The fact that females approached only one of the males in all experimental trials and never rejected a male in favour of the other male, indicates that they were not using a ‘best-of-n’ strategy, which requires a certain number of males to be sampled before choosing a mate (Janetos 1980; Real 1990; Gibson and Langen 1996; Wiegmann et al. 1996). If females were using male calling song SPL at source as thresholds to evaluate potential mates, then mated males should have called at an SPL higher than the population mean (Janetos 1980; Real 1990). However, 90% of the males that the females mated with called at SPLs lower than the mean population SPL and 50% of the males called at SPLs even lower than one standard deviation below the mean SPL. Thus, virgin females of P. guttiventris are unlikely to be using either of the threshold strategies. The results of our experiments instead suggest that female mating decisions are dictated by evaluation of male calling song SPL at female position and not at source, that is, females are using the ‘passive attraction’ strategy. A critical distinction between active mate sampling strategies and ‘passive attraction’ is the rejection of some potential mates over others (Parker 1982, 1983). In this study, a small proportion (13.6%) of females did not mate with the first male they approached, but, importantly, these females never approached the second male. Theoretical models of female phonotaxis as well as empirical studies of phonotaxis, particularly in this species, have demonstrated the importance of relative SPL difference at the female position in determining female approach to sound sources (crickets and anurans: Forrest and Green 1991; Forrest and Raspet 1994; P. guttiventris: Mhatre and Balakrishnan 2007, 2008). In this study we show that virgin females not only localize males that are louder at the female position but also mate with them, and do not actively sample calling males before deciding to mate.

Mating status could potentially affect the mate sampling strategy employed by females by making them choosier after the first mating. A mated female would invest in mate search only when the benefits of a second mating exceed the costs incurred by searching for males. In the laboratory experiments, P. guttiventris females remated, at times, when males were offered in close proximity, but rarely responded phonotactically. This implies that mated females, despite their motivation to remate, are rarely using male acoustic signals to search for potential mates. Moreover, latencies after mating, which were more than sufficient to induce remating, did not increase the likelihood of phonotaxis. The lack of phonotaxis prior to mating therefore raises pertinent questions regarding the importance of male calling song for mated females.
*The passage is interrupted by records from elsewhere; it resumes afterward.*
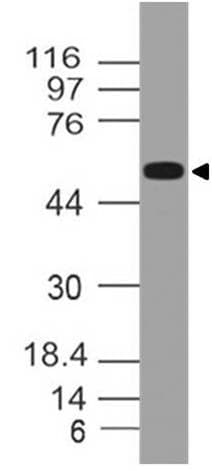 p56lck / LCK Antibody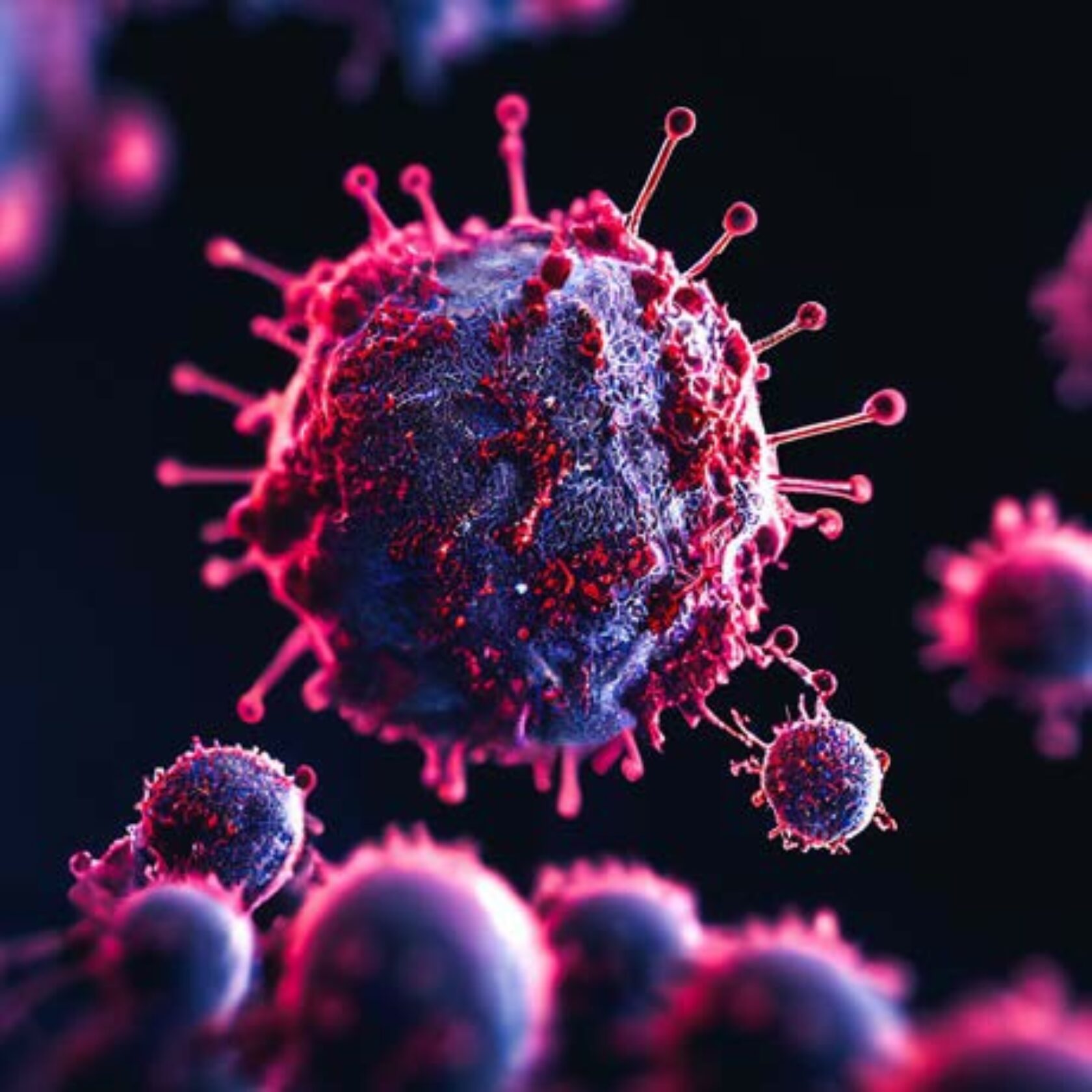 Coronavirus und Immunsystem in Interaktion - Illustration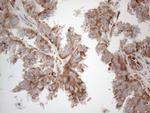 JAG1 Antibody in Immunohistochemistry (Paraffin) (IHC (P))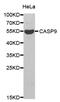 Caspase 9 antibody, abx123445, Abbexa, Western Blot image 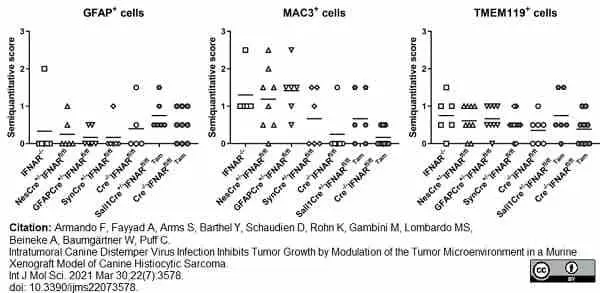 Anti Mouse CD107b Antibody, clone M3/84 gallery image 4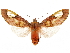  ( - CCDB-32978-C02)  @13 [ ] CreativeCommons - Attribution (2018) CBG Photography Group Centre for Biodiversity Genomics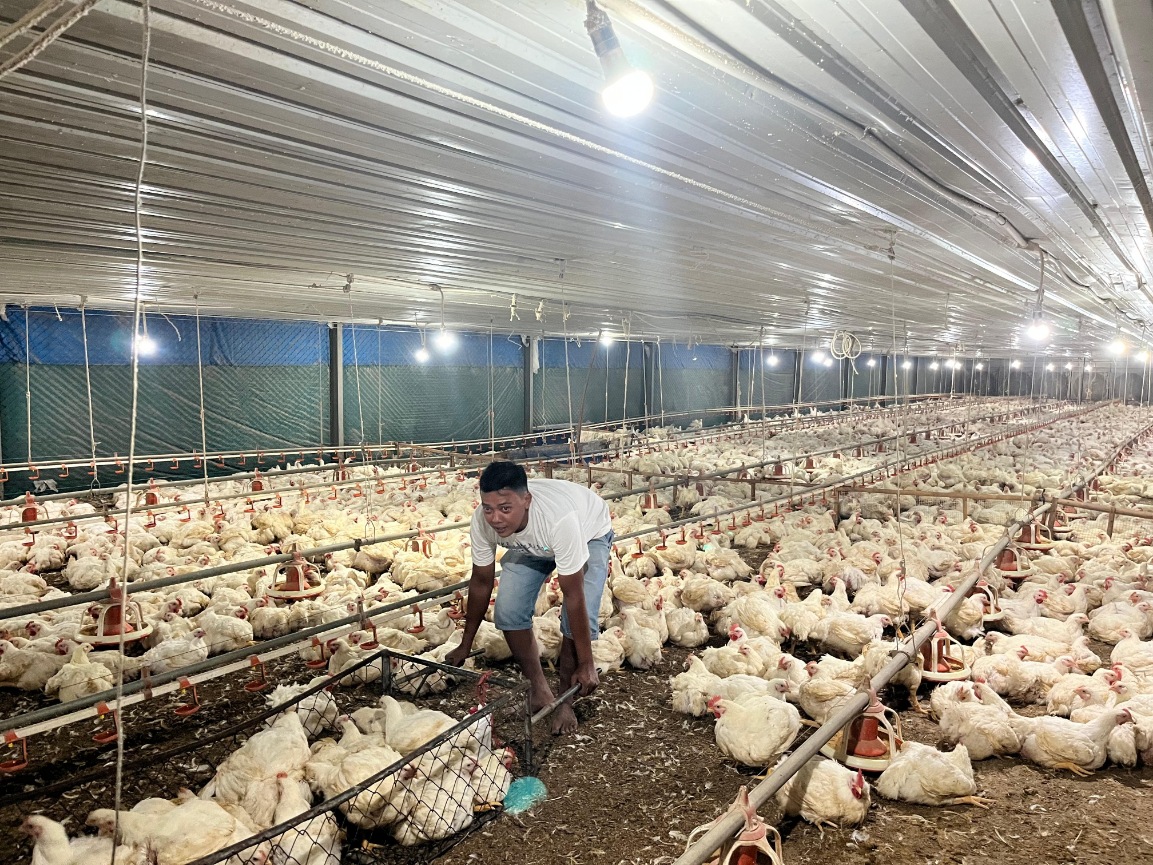  Dorong Kemandirian Protein Hewani, Pemerintah Bangun Industri Perunggasan Terintegrasi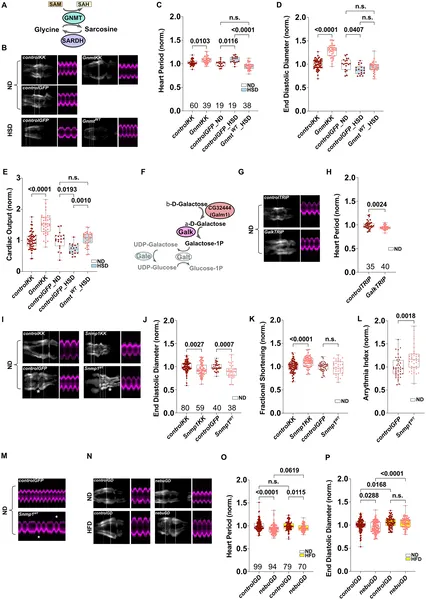This figure shows how glycine metabolism and related enzymes affect heart function and sugar processing in fruit flies.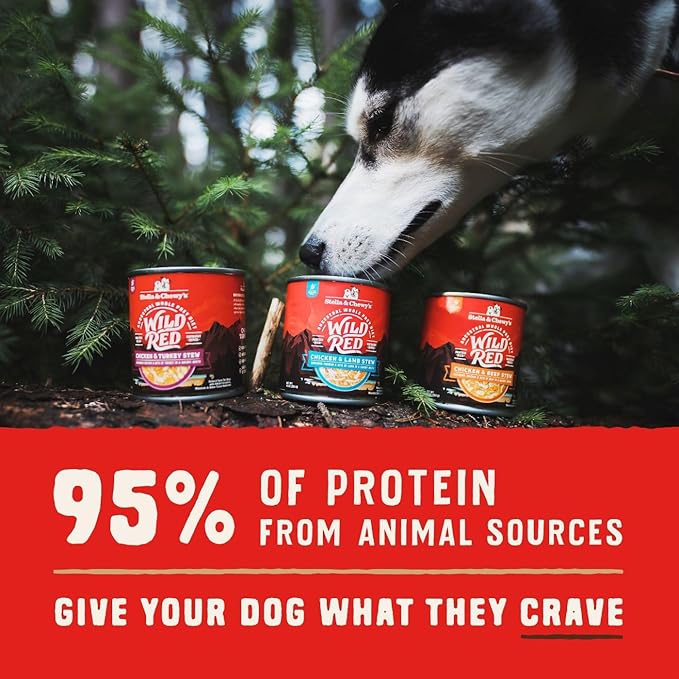 Stella & Chewy's Wild Red Stew High Protein Wet Dog Food Large Variety Pack Bundle, 10 Ounce Cans (Pack of 18)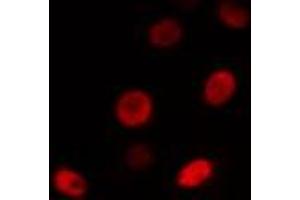 ABIN6274501 staining RAW264. (BHLHE41 antibody  (N-Term))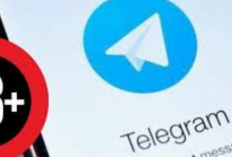 Kumpulan Link Grup Telegram Video Dewasa 18+ Viral Terbaru 2024, Bocil Dilarang Gabung! Tanpa Sensor Anti Ribet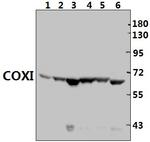 MTCO1 Polyclonal Antibody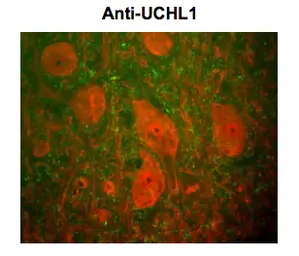 Anti-PGP9.5 antibody [BH7] used in IHC (Frozen sections) (IHC-Fr). GTX82568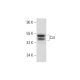 Cot Antibody (H-7) - Western Blotting - Image 299041 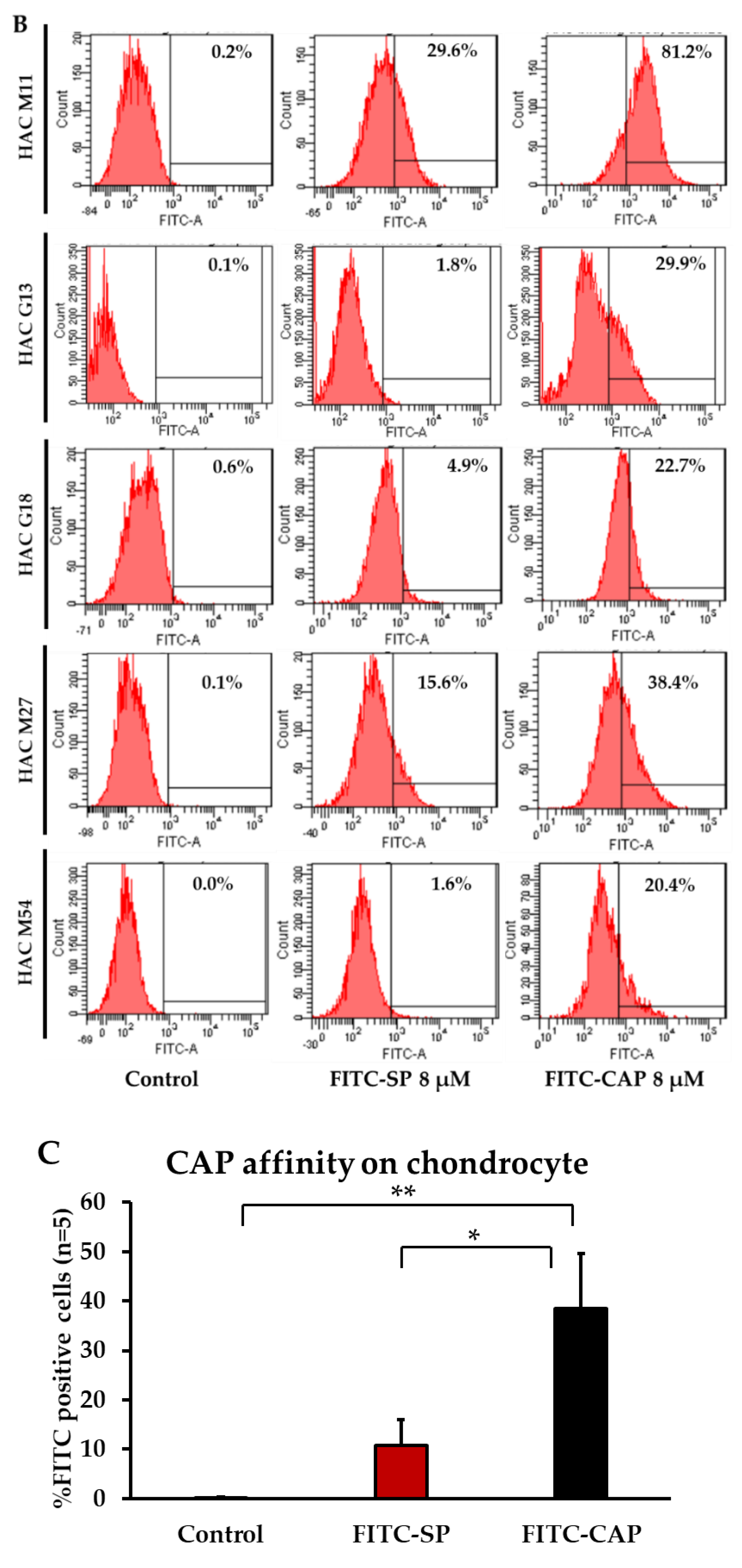Viruses 13 02343 g002b Viruses 13 02343 g002b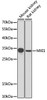 Western blot analysis of extracts of various cell lines, using MXI1 antibody (22-387) at 1:1000 dilution.<br/>Secondary antibody: HRP Goat Anti-Rabbit IgG (H+L) at 1:10000 dilution.<br/>Lysates/proteins: 25ug per lane.<br/>Blocking buffer: 3% nonfat dry milk in TBST.<br/>Detection: ECL Basic Kit.<br/>Exposure time: 90s.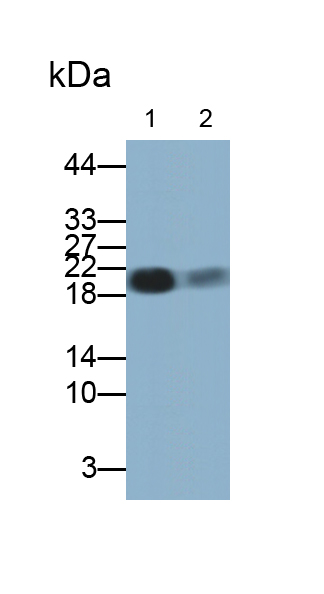 Polyclonal Antibody to Cluster Of Differentiation 3d (CD3d)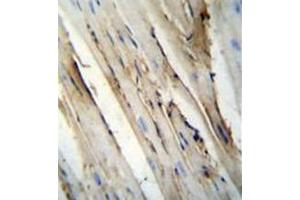 Immunohistochemistry analysis in formalin fixed and paraffin embedded mouse heart tissue reacted with FUT4 Antibody (C-term) followed by peroxidase conjugation of the secondary antibody and DAB staining. (CD15 anticorps  (C-Term))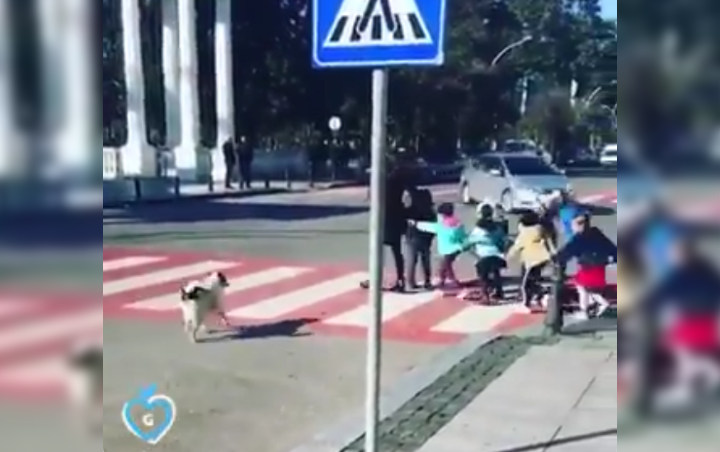 Viral Video Anjing Pintar Kawal Segerombol Murid TK yang Ingin Menyebrang Jalan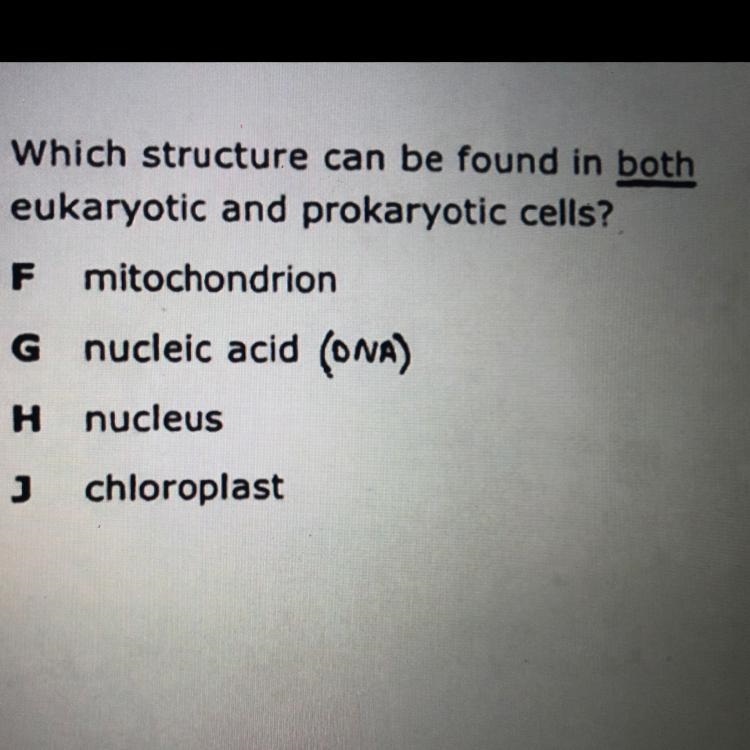 4 Which structure can be found in both eukaryotic and prokaryotic cells? F mitochondrion-example-1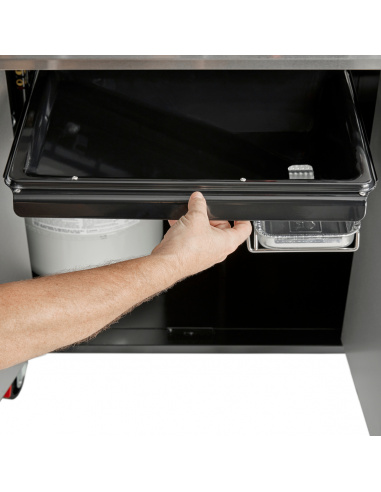 WEBER GENESIS EX-435 WEBER GENESIS EX-435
In a few pilot trials (n =5) of the mate sampling experiment in the field with mated females, females did not approach either of the callers, despite being tested after the latency period from their first mating. Our results, therefore, suggest that mated females are unlikely to use a mate sampling strategy based on acoustic sampling of potential mates and points to differences in mating strategies between virgin and mated females that merit further investigation.